▶ _Assignment_
Exactly the lines below from the line with "Monogram Logo Belt - Black Glossy Pebble" through the line with "Кожаная женская сумка" must make up the answer, both ends included and pictures left out.

▶ _Source material_
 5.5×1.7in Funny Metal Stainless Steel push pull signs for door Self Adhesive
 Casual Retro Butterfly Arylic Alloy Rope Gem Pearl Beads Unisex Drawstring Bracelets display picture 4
--
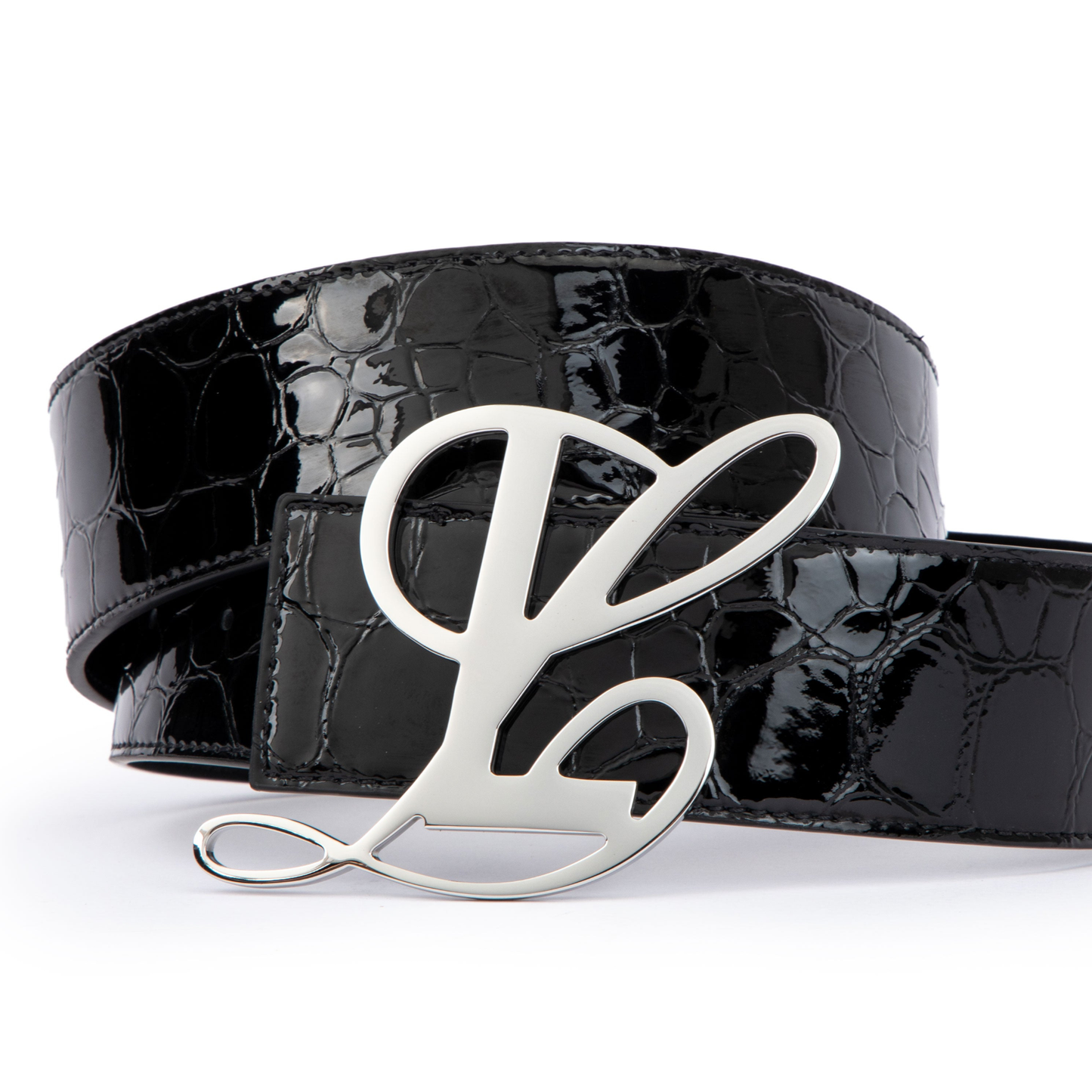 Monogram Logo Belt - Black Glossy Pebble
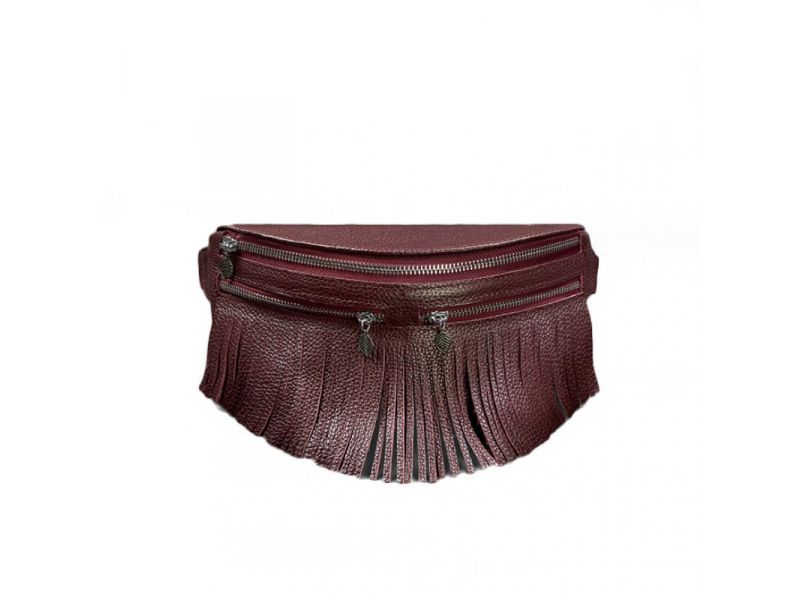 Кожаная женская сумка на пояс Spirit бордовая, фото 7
==
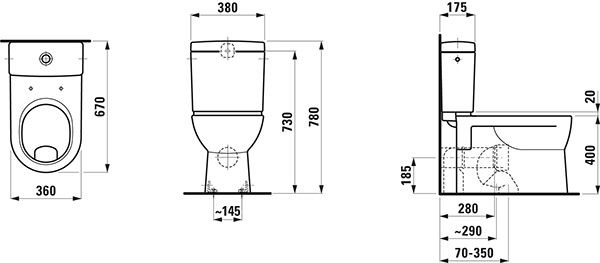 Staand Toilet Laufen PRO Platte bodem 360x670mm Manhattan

▶ _Solution to this task_
 Monogram Logo Belt - Black Glossy Pebble
 Кожаная женская сумка на пояс Spirit бордовая, фото 7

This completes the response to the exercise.